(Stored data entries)
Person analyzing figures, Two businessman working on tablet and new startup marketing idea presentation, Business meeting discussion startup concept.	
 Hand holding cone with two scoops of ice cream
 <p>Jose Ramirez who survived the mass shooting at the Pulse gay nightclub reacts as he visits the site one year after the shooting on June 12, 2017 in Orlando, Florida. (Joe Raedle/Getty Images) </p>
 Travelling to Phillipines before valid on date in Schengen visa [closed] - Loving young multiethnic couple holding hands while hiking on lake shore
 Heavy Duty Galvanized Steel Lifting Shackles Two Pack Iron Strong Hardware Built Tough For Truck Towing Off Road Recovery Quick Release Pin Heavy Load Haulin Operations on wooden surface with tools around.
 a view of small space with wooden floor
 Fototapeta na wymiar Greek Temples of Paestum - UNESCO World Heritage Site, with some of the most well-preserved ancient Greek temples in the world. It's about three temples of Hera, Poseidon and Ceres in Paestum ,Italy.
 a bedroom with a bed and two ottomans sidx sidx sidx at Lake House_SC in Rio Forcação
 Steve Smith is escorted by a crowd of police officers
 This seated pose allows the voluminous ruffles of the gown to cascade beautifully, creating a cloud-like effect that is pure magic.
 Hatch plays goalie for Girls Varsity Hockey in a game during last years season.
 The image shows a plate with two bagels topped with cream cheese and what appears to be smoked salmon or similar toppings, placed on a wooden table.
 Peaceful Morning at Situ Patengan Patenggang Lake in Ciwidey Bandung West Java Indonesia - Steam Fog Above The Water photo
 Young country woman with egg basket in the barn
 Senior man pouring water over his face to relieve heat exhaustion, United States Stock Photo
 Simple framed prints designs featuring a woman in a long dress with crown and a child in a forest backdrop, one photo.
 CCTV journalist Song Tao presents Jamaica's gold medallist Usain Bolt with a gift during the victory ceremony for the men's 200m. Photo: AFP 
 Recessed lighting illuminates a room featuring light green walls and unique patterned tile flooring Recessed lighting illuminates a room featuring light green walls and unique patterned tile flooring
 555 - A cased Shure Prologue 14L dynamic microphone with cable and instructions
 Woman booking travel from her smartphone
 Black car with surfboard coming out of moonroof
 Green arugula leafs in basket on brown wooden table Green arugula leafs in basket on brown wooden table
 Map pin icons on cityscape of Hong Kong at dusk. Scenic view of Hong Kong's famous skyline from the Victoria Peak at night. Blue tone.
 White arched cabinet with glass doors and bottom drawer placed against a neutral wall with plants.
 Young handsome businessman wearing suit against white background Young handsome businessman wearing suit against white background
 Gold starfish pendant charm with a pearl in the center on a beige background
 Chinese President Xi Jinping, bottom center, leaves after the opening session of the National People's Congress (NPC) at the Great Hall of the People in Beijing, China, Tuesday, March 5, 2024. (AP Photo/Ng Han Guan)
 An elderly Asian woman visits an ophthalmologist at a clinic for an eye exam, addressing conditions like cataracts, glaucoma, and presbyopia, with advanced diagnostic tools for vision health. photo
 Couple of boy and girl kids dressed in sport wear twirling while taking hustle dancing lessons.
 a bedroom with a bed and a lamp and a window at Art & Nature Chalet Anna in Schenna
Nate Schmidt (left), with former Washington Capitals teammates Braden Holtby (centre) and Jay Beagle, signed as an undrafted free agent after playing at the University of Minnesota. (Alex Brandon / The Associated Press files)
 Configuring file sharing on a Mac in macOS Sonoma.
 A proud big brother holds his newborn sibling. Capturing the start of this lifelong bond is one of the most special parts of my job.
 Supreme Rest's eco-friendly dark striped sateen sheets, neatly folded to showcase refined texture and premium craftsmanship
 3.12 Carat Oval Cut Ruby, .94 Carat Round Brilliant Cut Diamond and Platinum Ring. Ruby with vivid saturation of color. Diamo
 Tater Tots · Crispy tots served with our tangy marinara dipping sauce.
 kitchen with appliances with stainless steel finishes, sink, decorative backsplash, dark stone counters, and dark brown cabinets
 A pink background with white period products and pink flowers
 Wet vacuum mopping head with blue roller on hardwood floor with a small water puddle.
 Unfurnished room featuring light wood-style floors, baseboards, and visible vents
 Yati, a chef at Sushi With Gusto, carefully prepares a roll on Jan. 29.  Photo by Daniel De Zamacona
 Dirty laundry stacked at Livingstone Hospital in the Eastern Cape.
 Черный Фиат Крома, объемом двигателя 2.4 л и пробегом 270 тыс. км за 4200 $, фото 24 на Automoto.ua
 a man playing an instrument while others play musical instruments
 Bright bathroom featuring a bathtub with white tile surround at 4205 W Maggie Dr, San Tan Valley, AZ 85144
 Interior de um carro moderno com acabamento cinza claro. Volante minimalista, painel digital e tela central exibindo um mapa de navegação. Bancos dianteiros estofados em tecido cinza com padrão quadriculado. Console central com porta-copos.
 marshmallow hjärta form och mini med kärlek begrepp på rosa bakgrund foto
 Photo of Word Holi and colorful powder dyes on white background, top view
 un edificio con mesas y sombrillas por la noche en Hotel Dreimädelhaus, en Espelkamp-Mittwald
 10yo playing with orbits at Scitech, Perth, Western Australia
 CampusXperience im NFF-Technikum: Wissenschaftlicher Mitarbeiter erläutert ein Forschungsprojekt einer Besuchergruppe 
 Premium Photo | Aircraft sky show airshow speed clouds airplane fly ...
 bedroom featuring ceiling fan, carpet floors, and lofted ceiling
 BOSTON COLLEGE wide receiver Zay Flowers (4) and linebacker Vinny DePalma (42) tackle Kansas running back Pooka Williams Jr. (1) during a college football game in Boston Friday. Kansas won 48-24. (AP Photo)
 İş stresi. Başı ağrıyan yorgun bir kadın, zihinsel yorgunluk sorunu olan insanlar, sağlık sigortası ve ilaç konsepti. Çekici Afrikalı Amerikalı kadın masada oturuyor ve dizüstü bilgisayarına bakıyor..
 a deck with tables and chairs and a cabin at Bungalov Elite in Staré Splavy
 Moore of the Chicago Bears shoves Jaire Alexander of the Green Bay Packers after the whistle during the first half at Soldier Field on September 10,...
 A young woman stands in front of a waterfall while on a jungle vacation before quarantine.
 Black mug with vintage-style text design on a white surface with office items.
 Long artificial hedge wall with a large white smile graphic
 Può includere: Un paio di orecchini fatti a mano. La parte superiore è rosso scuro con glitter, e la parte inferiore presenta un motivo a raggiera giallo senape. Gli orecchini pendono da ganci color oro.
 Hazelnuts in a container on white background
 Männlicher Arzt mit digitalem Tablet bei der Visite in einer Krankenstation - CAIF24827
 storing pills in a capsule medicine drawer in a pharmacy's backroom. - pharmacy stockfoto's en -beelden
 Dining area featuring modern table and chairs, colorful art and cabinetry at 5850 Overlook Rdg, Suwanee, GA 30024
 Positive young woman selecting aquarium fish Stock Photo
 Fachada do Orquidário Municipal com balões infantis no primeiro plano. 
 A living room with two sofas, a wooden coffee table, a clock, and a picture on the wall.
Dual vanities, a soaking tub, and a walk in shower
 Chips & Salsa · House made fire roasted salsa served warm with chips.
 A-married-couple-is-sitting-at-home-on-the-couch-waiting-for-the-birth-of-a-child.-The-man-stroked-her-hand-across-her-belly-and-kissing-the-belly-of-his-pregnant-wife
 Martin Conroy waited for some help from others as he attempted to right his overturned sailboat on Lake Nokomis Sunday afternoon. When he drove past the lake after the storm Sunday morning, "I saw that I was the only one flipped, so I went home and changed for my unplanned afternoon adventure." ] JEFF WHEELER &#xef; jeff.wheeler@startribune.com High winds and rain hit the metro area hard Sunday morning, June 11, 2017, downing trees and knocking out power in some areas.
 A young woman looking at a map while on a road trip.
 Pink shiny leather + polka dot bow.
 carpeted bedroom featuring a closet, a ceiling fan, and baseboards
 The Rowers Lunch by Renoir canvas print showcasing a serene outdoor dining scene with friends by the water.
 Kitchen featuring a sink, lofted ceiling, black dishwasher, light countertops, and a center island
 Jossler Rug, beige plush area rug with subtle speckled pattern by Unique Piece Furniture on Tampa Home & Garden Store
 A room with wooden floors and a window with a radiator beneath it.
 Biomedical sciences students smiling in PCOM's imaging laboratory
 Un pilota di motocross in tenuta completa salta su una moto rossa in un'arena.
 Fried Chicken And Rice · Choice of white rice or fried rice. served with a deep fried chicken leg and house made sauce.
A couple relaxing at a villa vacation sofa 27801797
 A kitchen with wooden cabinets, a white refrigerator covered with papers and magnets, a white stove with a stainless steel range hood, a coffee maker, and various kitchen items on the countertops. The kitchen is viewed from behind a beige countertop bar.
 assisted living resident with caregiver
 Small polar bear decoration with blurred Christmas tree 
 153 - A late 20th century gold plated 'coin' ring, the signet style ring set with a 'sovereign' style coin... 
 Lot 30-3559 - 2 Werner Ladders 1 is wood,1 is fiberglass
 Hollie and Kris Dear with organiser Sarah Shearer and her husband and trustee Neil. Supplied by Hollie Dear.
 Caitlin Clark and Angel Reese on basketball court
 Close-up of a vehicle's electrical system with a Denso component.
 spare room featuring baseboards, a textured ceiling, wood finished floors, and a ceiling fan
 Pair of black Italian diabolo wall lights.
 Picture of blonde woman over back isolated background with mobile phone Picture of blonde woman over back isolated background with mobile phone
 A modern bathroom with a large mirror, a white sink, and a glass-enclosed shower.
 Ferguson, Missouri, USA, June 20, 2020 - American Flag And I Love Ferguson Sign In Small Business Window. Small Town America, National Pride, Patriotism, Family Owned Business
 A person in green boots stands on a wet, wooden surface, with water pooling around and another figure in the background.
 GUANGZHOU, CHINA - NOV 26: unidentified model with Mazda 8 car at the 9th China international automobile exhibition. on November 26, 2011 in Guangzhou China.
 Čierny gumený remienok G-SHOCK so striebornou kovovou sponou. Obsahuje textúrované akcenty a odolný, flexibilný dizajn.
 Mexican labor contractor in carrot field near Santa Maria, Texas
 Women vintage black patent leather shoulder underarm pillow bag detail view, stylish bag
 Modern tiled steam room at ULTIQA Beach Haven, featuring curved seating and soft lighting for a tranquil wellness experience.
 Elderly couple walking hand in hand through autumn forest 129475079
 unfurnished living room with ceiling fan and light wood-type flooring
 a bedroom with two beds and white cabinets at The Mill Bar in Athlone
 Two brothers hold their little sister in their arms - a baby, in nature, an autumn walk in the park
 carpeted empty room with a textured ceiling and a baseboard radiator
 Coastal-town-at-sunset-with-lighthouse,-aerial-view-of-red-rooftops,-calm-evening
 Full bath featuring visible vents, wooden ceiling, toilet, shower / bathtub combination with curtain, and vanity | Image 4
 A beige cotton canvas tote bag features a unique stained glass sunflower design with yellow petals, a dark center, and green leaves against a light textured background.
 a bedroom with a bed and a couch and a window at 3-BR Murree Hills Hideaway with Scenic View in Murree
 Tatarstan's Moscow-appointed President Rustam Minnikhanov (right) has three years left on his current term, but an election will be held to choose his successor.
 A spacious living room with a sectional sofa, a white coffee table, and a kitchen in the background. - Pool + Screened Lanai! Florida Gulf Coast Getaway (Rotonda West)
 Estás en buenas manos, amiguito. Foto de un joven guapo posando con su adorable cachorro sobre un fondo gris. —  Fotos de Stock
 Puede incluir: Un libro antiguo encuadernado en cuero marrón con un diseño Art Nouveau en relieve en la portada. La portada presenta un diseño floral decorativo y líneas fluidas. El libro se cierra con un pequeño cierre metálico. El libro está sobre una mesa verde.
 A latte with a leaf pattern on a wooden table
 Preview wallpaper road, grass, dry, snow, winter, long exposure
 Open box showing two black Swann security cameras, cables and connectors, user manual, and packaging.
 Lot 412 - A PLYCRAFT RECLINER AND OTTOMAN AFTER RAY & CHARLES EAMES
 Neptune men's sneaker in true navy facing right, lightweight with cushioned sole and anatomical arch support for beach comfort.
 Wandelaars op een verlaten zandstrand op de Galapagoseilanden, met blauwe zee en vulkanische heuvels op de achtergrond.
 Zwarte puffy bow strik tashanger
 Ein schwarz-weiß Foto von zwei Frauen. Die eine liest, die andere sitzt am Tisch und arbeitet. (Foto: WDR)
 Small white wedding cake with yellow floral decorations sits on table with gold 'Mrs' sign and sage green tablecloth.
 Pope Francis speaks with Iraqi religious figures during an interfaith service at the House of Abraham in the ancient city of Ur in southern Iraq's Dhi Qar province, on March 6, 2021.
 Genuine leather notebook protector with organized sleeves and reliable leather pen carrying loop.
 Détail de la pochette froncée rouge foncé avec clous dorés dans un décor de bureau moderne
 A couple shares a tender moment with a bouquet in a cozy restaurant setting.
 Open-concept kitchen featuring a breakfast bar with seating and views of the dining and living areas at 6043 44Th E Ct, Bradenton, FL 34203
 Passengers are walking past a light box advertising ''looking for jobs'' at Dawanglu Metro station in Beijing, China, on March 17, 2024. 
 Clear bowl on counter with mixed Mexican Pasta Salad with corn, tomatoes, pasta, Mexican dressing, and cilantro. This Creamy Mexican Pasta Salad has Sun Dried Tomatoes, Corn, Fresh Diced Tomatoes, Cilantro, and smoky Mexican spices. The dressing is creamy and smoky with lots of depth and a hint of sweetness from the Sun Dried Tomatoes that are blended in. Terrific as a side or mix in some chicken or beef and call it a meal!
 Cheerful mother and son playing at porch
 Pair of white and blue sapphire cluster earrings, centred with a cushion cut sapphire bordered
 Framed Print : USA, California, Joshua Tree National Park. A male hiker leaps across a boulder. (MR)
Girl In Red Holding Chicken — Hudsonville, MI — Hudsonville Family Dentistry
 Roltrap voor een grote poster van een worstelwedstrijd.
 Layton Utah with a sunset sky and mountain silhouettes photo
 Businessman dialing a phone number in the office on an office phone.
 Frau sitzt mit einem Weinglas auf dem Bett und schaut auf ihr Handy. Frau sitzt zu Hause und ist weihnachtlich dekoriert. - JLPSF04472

**WHAT THE EXERCISE ASKS**
If a line comes after the one containing "Travelling to Phillipines", leave it out; set down every line of the data before it, and that line itself, exactly.

**ANSWER BOX**
Person analyzing figures, Two businessman working on tablet and new startup marketing idea presentation, Business meeting discussion startup concept.	
 Hand holding cone with two scoops of ice cream
 <p>Jose Ramirez who survived the mass shooting at the Pulse gay nightclub reacts as he visits the site one year after the shooting on June 12, 2017 in Orlando, Florida. (Joe Raedle/Getty Images) </p>
 Travelling to Phillipines before valid on date in Schengen visa [closed] - Loving young multiethnic couple holding hands while hiking on lake shore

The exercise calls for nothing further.